Wednesday, September 25, 2013

Pumpkin Coffee Cake with Brown Butter Icing

Pumpkin Coffee Cake with Brown Butter Icing - made September 13, 2013 from Cooking Morning Noon Night

I really hate when a recipe fails on me.  The only thing I hate more is blogging about it.  It's so tempting to just put up the stuff that worked, especially when I still have a backlog of good posts to put up.  I know some bloggers only put their successes up so their blog is a consistent source of amazing recipes. I respect that. But I'm honest to a fault and when I first started my blog, it was about my "baking odyssey", good and bad, not "only the stuff that turned out". And I've always maintained I learn as much, if not more, from my failures than my successes so I can't not put up the stuff that didn't turn out.

I pinned this cake to my pinboard last year but I was waiting for fall to arrive before I started baking pumpkin desserts. Without any input or encouragement on my part, 2013 decided to whip on by and sure enough, now it's fall, just like that.  So time to try out this recipe.  The directions suggest this cake can be made in a 8 x 11" pan which translates into 88 square inches so I thought it would be "close enough" if I used a 9 x 9" pan or 81 square inches.  Ha.  Wrong. Actually I think I would've been okay even though the cake baked up to a greater thickness than I anticipated except for the streusel.  The darn streusel that makes a good coffee cake but also needs less baking time than an overly thick cake.  I let the cake bake as long as I dared before the streusel started to protest that it was on the verge of burning.  Then I took it out and hoped for the best.  Let it cool, made the brown butter glaze, iced the cake, and tried a piece.
Sadly, the cake was underdone. You can tell just by the picture because that bottom layer is very dense and even looks raw. It didn't even taste that good either, probably because it wasn't baked properly, was too heavy and dense and the flavor didn't impress.  I need to try it again and this time, bake it in at least a 10 x 10 or even a 9 x 13" pan.  It might make for a thinner cake but at least  the cake has a fighting chance of baking long enough before the streusel gives a kick and says "Take me outta here, I'm done." Lesson learned - when baking something with a topping, don't bake the cake in too small of a pan or it won't have time to bake before the topping burns. It sounds obvious now but is clearly one of those things I had to learn the hard way as a reminder.
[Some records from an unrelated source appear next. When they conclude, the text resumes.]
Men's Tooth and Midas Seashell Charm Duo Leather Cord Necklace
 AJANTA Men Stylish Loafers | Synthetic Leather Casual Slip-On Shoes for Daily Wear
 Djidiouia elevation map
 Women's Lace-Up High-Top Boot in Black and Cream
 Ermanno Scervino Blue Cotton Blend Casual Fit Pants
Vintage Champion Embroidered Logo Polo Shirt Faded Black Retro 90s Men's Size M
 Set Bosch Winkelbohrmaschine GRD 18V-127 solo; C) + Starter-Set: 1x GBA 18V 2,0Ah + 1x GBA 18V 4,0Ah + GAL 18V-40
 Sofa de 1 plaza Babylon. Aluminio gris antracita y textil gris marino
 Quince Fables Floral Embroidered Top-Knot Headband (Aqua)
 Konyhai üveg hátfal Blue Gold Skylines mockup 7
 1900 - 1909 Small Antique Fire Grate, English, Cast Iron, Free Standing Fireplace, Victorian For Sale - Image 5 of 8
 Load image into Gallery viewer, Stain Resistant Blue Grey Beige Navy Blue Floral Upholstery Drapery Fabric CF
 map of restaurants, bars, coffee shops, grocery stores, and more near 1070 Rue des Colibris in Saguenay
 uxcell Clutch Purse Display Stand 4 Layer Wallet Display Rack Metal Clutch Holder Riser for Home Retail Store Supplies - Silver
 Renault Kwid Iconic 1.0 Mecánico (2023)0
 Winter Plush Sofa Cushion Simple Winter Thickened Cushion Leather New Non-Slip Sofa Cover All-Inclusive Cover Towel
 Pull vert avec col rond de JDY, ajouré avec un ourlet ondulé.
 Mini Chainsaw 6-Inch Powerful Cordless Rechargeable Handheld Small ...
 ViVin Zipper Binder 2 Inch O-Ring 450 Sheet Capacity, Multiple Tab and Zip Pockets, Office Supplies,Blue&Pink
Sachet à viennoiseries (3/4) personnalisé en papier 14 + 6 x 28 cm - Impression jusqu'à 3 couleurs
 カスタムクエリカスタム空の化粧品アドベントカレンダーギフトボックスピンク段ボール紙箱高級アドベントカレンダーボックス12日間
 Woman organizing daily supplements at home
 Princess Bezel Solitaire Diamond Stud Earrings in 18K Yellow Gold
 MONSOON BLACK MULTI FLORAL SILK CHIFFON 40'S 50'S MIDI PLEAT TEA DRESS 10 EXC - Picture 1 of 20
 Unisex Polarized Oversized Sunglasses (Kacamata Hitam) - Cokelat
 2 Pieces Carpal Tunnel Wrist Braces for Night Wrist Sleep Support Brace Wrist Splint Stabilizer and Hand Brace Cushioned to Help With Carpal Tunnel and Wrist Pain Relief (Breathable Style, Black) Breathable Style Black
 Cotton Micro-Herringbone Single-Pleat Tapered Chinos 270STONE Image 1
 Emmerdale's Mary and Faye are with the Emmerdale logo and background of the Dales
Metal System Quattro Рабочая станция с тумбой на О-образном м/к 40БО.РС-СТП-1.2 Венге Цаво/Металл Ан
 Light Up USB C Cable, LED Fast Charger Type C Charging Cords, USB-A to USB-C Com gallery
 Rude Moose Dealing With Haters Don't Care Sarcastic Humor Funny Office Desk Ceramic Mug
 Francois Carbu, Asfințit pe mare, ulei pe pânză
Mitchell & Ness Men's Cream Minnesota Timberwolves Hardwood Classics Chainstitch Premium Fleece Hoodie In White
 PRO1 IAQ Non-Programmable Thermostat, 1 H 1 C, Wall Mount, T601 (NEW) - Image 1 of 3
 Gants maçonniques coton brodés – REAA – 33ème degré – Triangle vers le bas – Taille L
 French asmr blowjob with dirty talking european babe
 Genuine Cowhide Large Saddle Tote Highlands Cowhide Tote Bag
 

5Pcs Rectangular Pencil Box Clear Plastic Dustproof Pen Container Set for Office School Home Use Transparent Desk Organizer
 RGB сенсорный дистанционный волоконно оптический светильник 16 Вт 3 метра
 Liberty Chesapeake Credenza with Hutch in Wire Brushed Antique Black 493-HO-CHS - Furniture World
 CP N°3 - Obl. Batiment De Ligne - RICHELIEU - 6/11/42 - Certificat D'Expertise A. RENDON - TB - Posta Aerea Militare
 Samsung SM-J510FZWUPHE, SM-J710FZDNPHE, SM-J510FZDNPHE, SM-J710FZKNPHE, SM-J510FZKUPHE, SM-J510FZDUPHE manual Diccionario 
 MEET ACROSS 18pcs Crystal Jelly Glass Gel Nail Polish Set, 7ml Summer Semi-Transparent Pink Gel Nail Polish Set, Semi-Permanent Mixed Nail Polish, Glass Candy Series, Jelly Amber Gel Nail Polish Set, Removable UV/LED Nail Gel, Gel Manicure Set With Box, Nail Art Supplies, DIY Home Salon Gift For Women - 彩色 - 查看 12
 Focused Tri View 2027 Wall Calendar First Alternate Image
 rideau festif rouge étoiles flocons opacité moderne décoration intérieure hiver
On the plus side, the brown butter icing and the streusel were good.

For the Coffee Cake:
1/2 cup butter, softened
1 1/2 cups sugar
15 oz can pumpkin
3 large eggs
2 1/2 cups all-purpose flour
2 teaspoons baking powder
1 Tablespoon cinnamon
1 1/2 teaspoons ground ginger
1/2 teaspoon salt
1/2 teaspoon pumpkin pie spice

Streusel:
1/2 cup flour
1/2 cup sugar
1/2 cup light brown sugar, packed
1 teaspoon cinnamon
4 Tablespoons butter, melted
2/3 cup chopped walnuts

Preheat your oven to 350 degrees. Grease the inside of a tube pan, bundt pan,  8x11 baking dish or 2 8 inch pie pans (the choice is yours!)
In your stand mixer, combine the butter and sugar on medium speed until fluffy and light in color. Add the pumpkin and eggs and mix thoroughly. In a medium bowl, combine the flour, baking powder, cinnamon and spices. Add the flour mixture to the pumpkin mixture and mix on low speed, then medium speed until combined. Pour the batter into your prepared pan.
Combine the Streusel ingredients in a medium bowl and sprinkle over the cake batter.
Bake the cake for 50-55 minutes or until a toothpick inserted comes out clean.
Cool completely before frosting.

Brown butter icing:
1 1/2 Tablespoons butter
1 1/2 cups powdered sugar
whole milk

Place your butter in a microwave safe bowl and melt until browned and fragrant (about 3-4 minutes). Check the butter often. Pour the butter into the powdered sugar and combine with a whisk. Add just enough milk, starting with one tablespoon at a time until you have a pour-able icing.

Drizzle over the cooled cake

2 comments:

  1. Thank you for posting this! I love to read about recipe "fails." It helps me learn what works and what doesn't. NO ONE likes to spend time, money, and energy on a recipe that does not come out right. I wish more blogs were like yours.